Le mie creazioni s’incontrano a metà strada tra la tradizione e la mia fantasia. Si mescolano solo per esaltare ogni sapore in una nuova esperienza dando a ogni singolo ingrediente la sua collocazione preziosa.

In questo momento si sta occupando di un progetto di recupero delle materie e degli ingredienti determinanti nella formula della longevità delle blue zone in Sardegna.  Di cosa si tratta esattamente, ce ne vuole parlare?

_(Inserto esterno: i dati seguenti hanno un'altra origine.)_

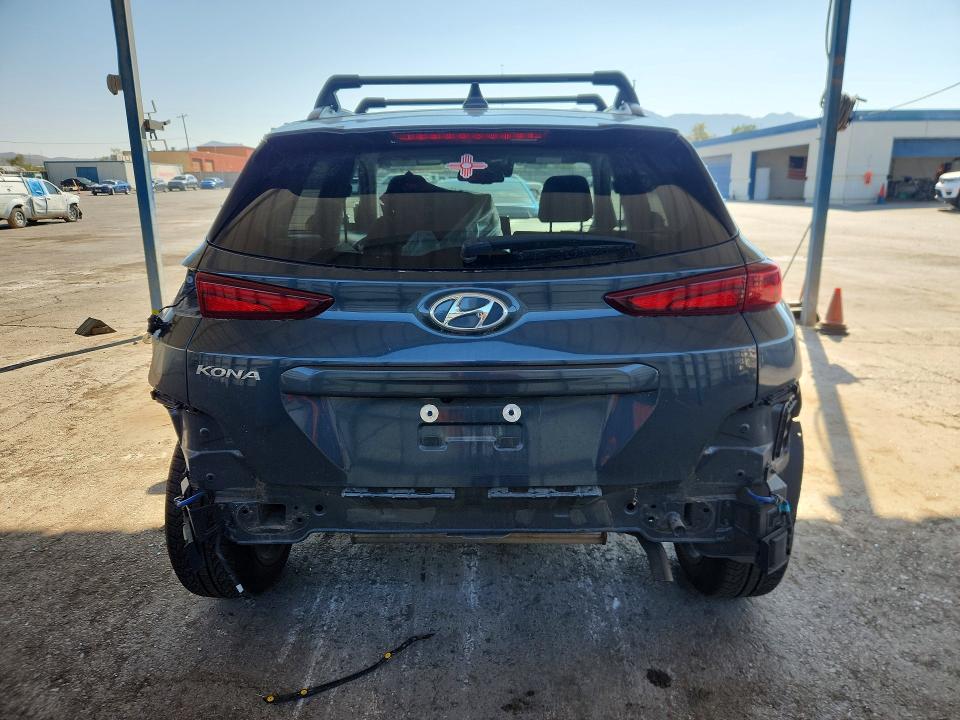 Продажа на аукционе авто 2022 Hyundai Kona, vin: KM8K62AB7NU859035, номер лота: 67425526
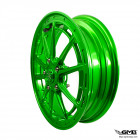 1O1 Factory W.R.E 12" Wheel Set Green Glosy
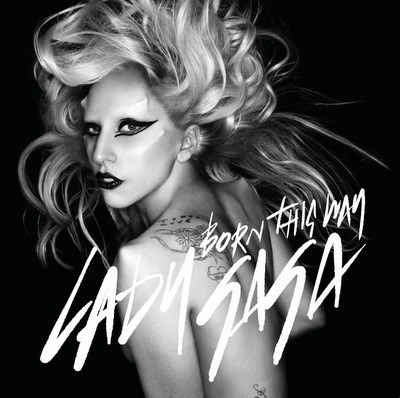 MP3 Lady Gaga Born this way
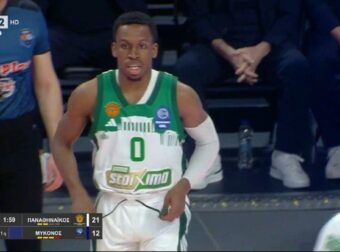 Τρέλανε τους πάντες ο Σορτς με τάπα στα ίσια! (ΒΙΝΤΕΟ)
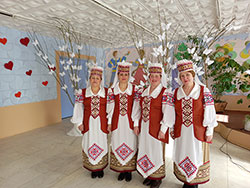 za protsvetayushchuyu belarus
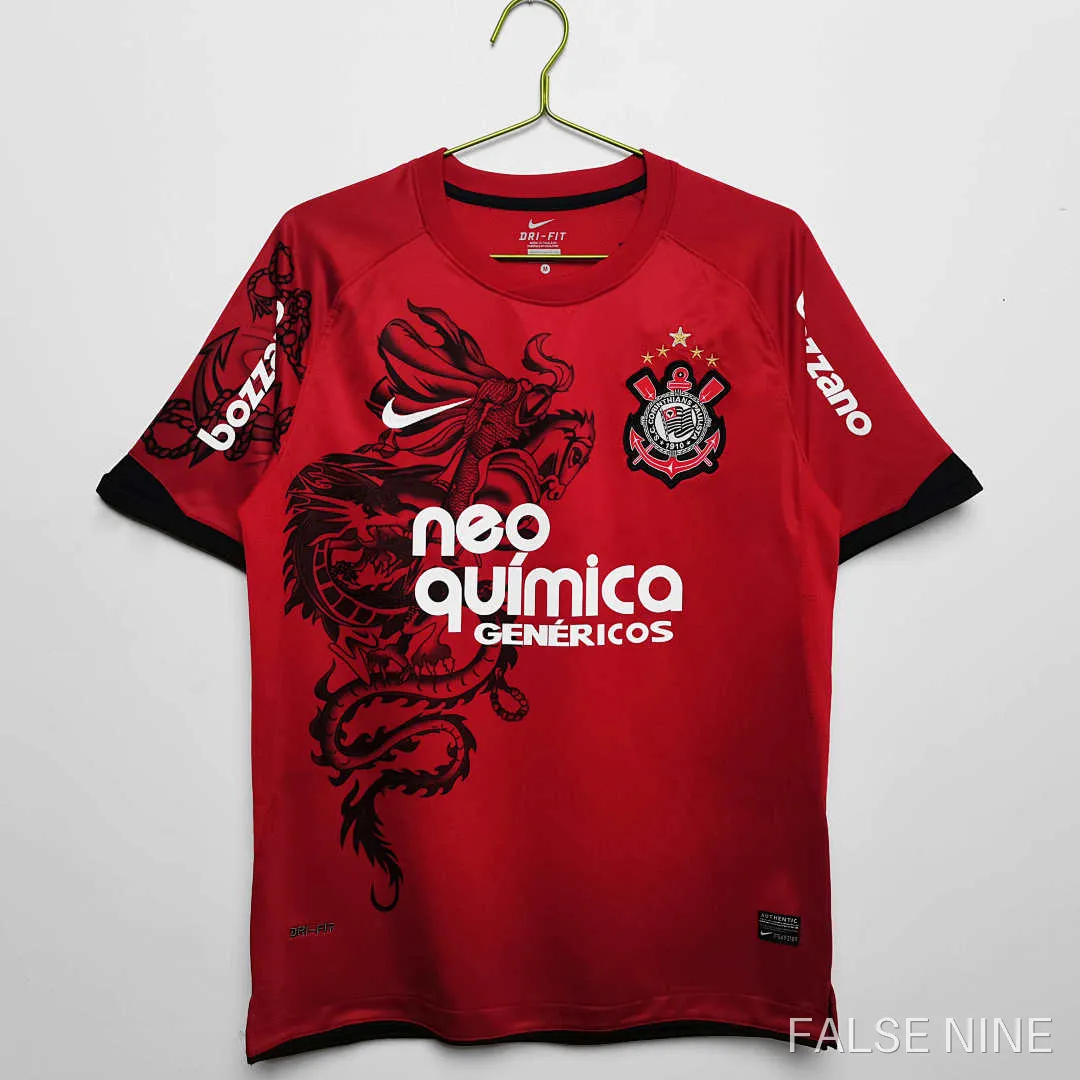 Corinthians 2011/12 Away Shirt (Fan Version), photo 1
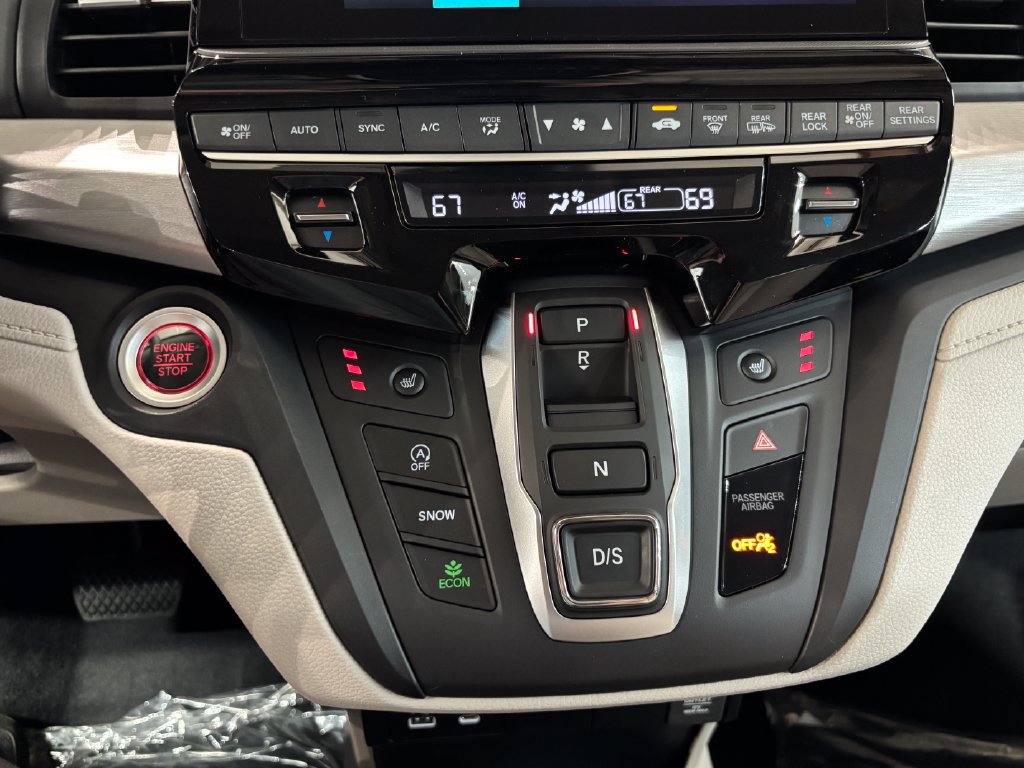 New 2027 Honda Odyssey EX-L image 33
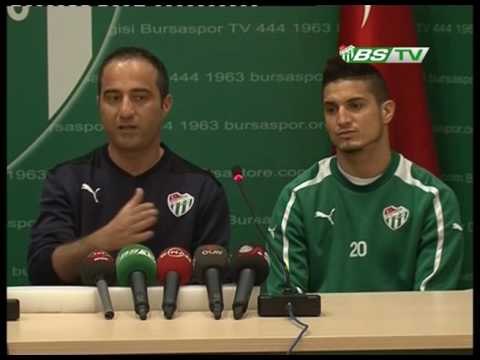 Orduspor Maçını Kazanmak Zorundayız (05.12.2012)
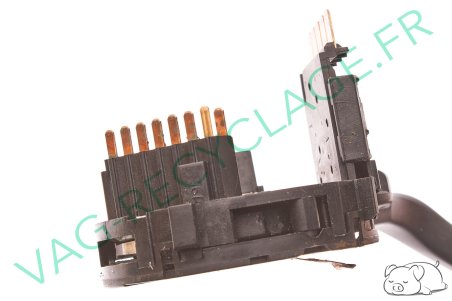 Commodo de clignotant avec Warning 357953513F Golf 2 Passat 3 Corrado Polo 2 - Image 3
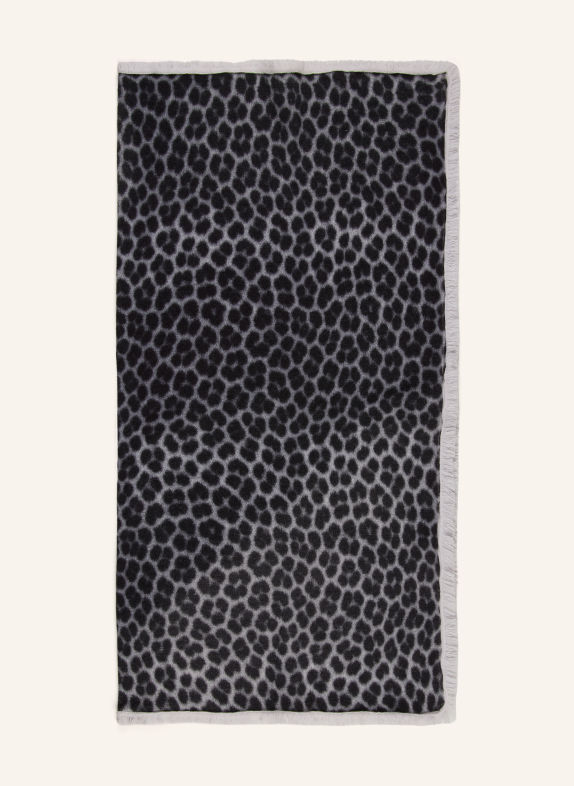 Smith & Soul Scarf LIGHT GRAY / BLUE GRAY / DARK GRAY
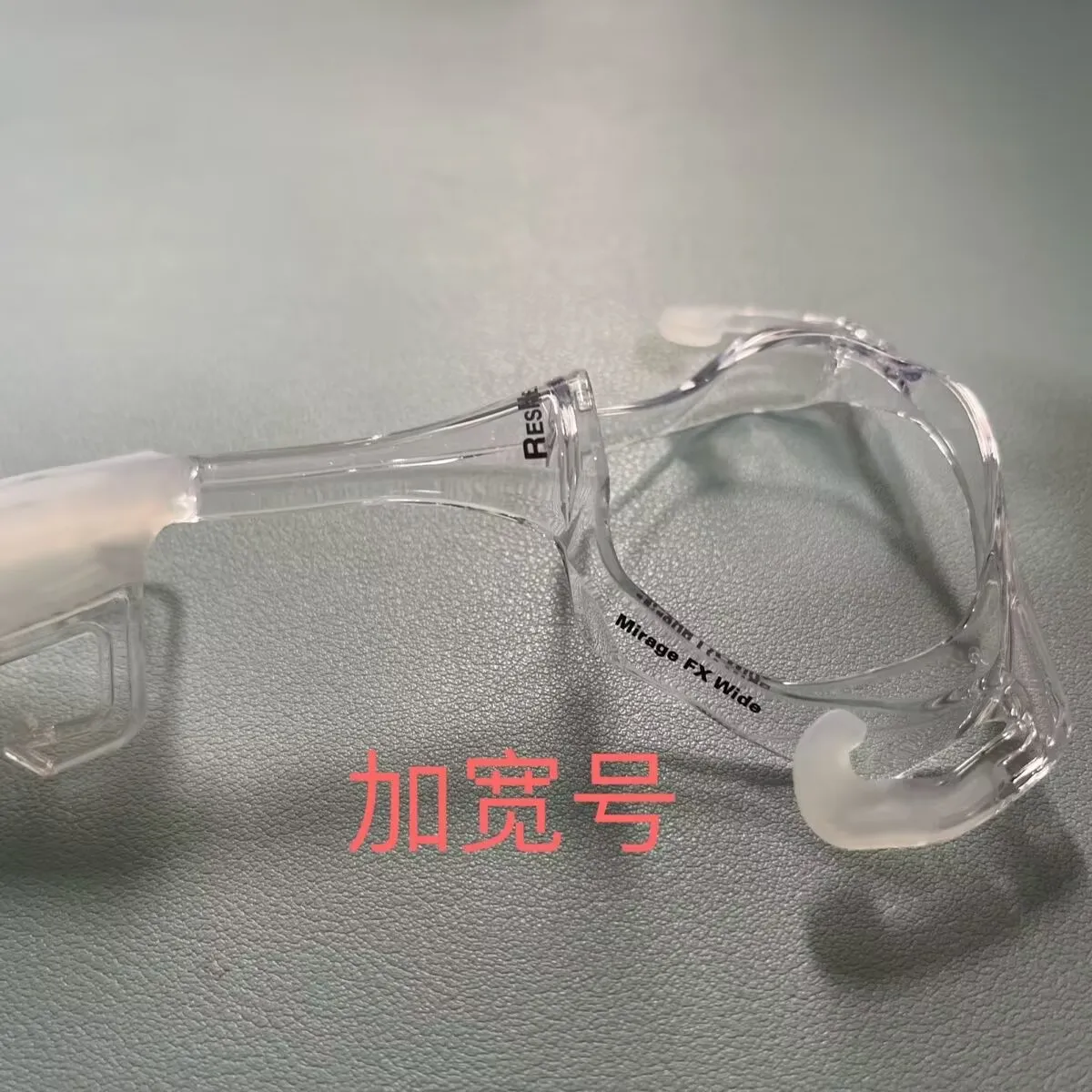 Mirage FX Nose Mask Original Respirator Nose Pads Frame Mirage Mask Frame Without Mask Mirage Accessories Sleep Mask Frame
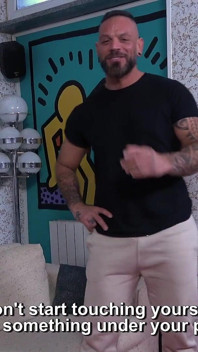 Chris Big - the Casting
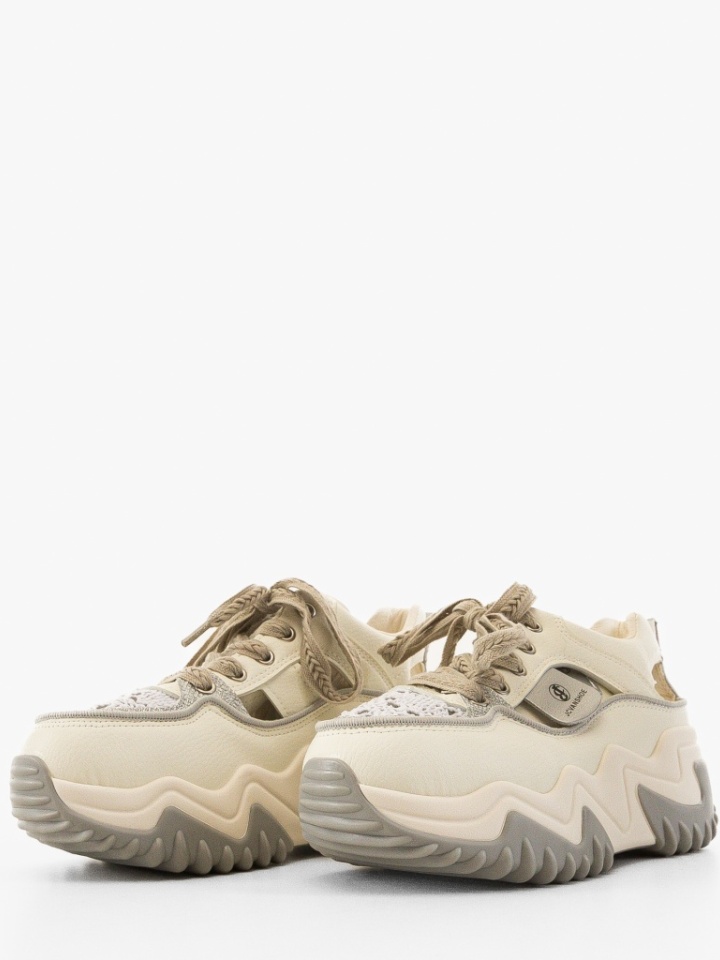 Scarpe sportive Grige Cvan - Img 1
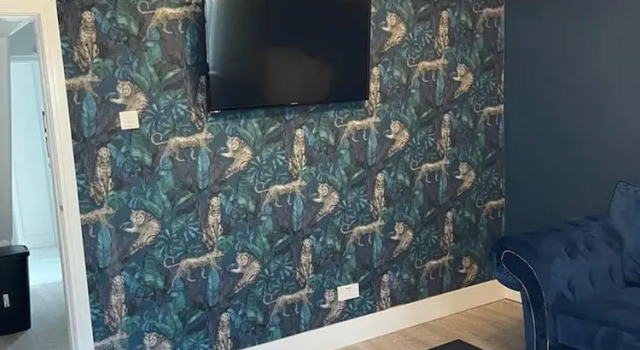 Коттедж Immaculate Luxury 2-bed Apartment in Liverpool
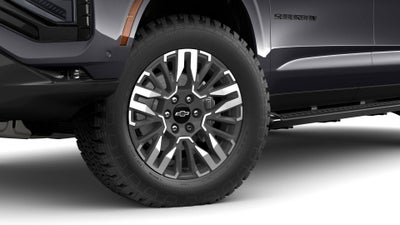 2026 Chevrolet Suburban 4WD Z71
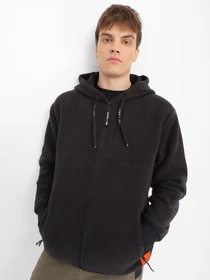 Худи и свитшоты Vans RAEBURN POLAR MONT модель VN0000B2BLK1 Фото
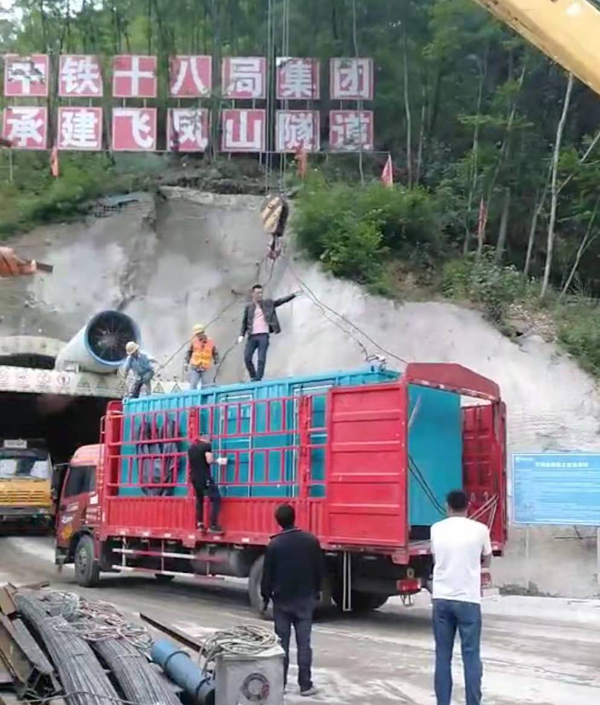 晋安发电机组维修后输出功率降低是什么问题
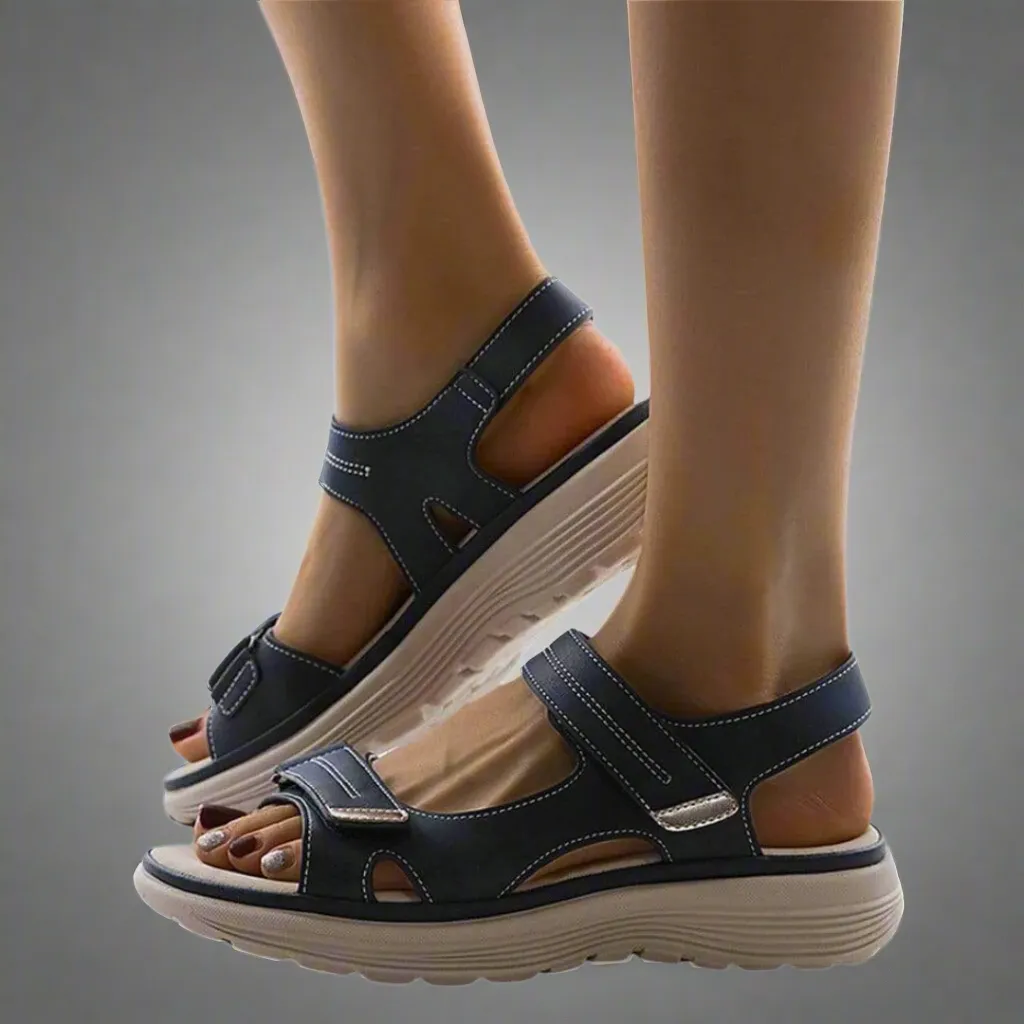 Wilhelmine | Women's Orthopedic Sandals for Ultimate Comfort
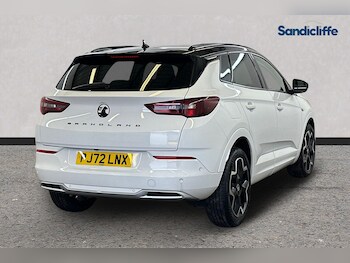 Used Vauxhall Grandland 2022 for sale - 77906279: Photo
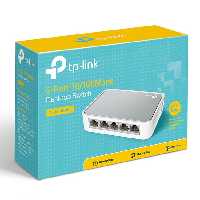 سوییچ شبکه 5 پورت tp-link مدل TL-SF1005D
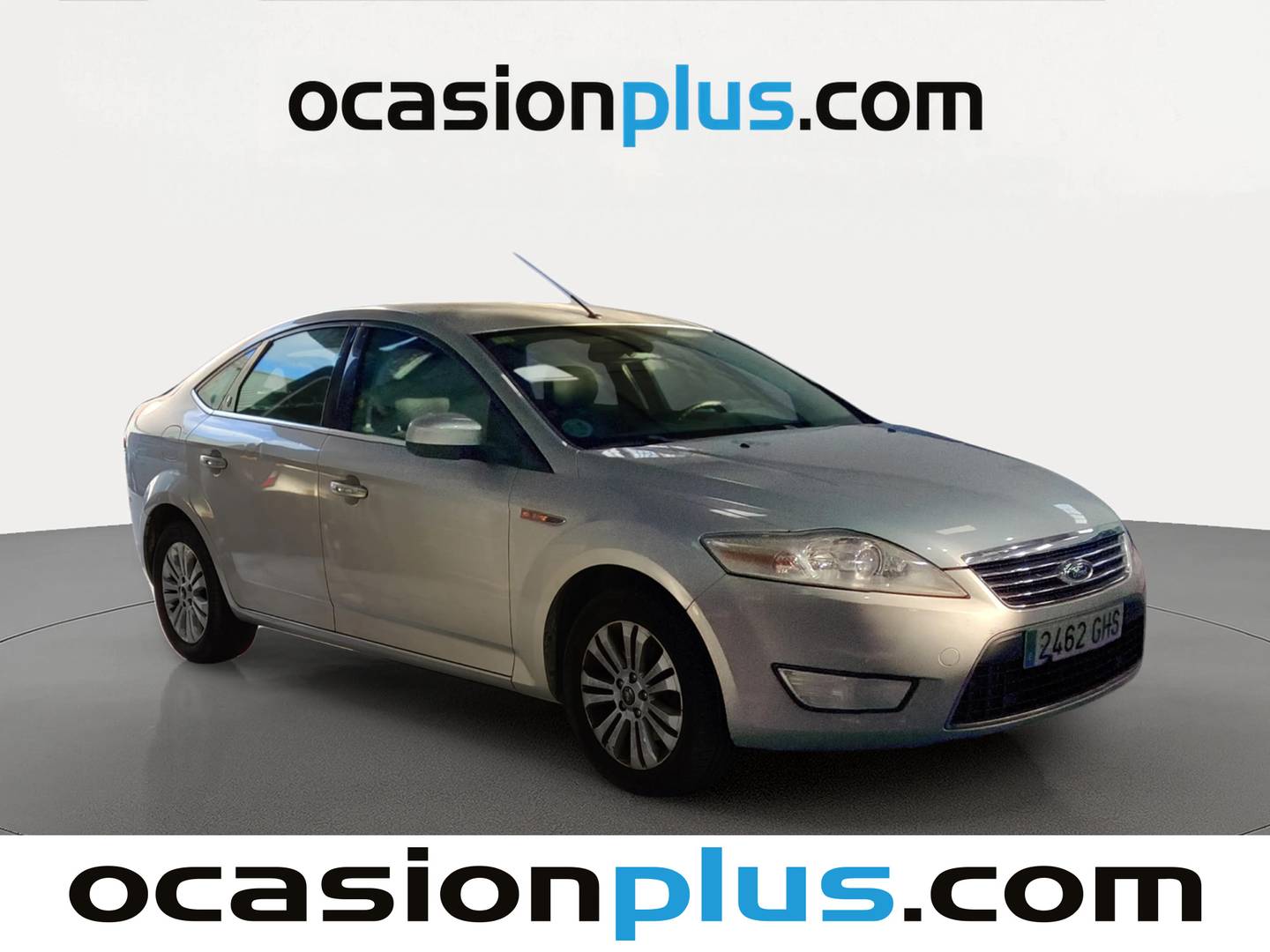 Foto delantera Ford Mondeo Ford Mondeo 2.0 Ghia (145 CV) derecha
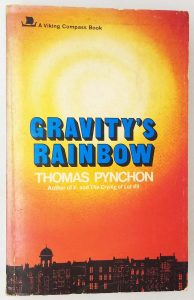 Gravity's Rainbow - Thomas Pynchon 1973 | 1st Edition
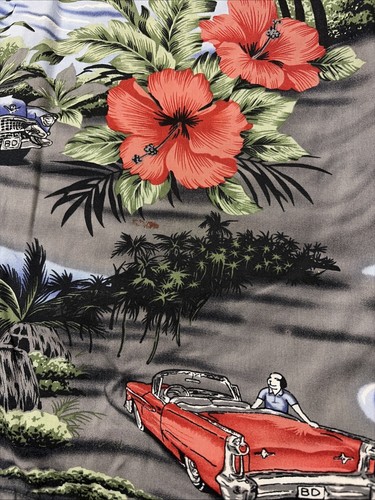 Big dogs hawaiian shirt - dogs,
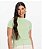 Blusa Feminina Malha Delicate Canelada -Rovitex - Imagem 1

Ho avuto una gran fortuna a nascere a Seulo. Mi direte, che cosa ha in più degli altri posti?  Forse niente, ma forse ha quell’energia tale che ci consente ancora di tramandare realmente le tradizioni da cento anni. Insieme all’Ecomuseo dell’Alto Flumendosa, a Pino Ledda e alle altre strutture ristorative del paese, si cerca di mantenere realmente una tradizione culinaria centenaria da far conoscere al turista. Noi raccontiamo il cibo. Significa che il turista che arriva non si siede a mangiare e basta ma vede prima di tutto dove nasce il cibo. Un percorso che comprende tutto: dalla passeggiata a raccogliere castagne, al pascolo delle capre allo stato brado, alla mungitura, al fare il formaggio con le sue mani. Osservare le mani attente di chi sa come fa un raviolo o un papassinos, che poi mangiano a tavola in un ristorante e poi a casa, è un grande valore aggiunto.  Sí, il turista si sente davvero a casa nostra.

Questo progetto potrebbe essere determinante per la creazione di un’identità culinaria unica, irripetibile e attraente, per cui varrebbe la pena un viaggio?

Certamente sarebbe molto importante fare rete. Stefano (Deidda, ndr) con il suo molecolare, io con la mia cucina antica e Leonardo (Marongiu, ndr) con il gourmet rivisitato. Che ne pensate?

Spostandoci invece di più nel tessuto culturale e lavorativo isolano legato al food e quindi guardando alle arti e mestieri che popolano il mondo della cucina e della ristorazione di livello, che tipo di figure servirebbe formare di più e meglio, quale settore occorrerebbe sviluppare?

Principalmente secondo me si dovrebbe smettere di illudere i giovani che facendo un corso di tre mesi diventano grandi chef. La cucina è sacrificio e impegno di ore e ore di studio, ricerca e conoscenza e rinuncia a molte cose della vita normale di un qualsiasi lavoratore. Credo che gli istituti alberghieri debbano prima di tutto individuare le persone che sono portate a fare questo lavoro e formarle al massimo livello. Non solo sui libri o qualche stage, ma confronti continui anche all’estero, formazione mirata e concreta per diventare prima di tutto un cuoco vero, cuoco di impegno creatività e passione da trasmettere, una figura che oggi manca secondo me.

In cosa la Sardegna è ancora carente, rispetto ad altre destinazioni Italiane (professionalità, strategia, filiera, investimenti…)?

Un po’ tutto. Stiamo migliorando molto però.

Maria Carta è uno degli speaker di Sabores, il quinto e ultimo appuntamento di AperiTurismo 2018.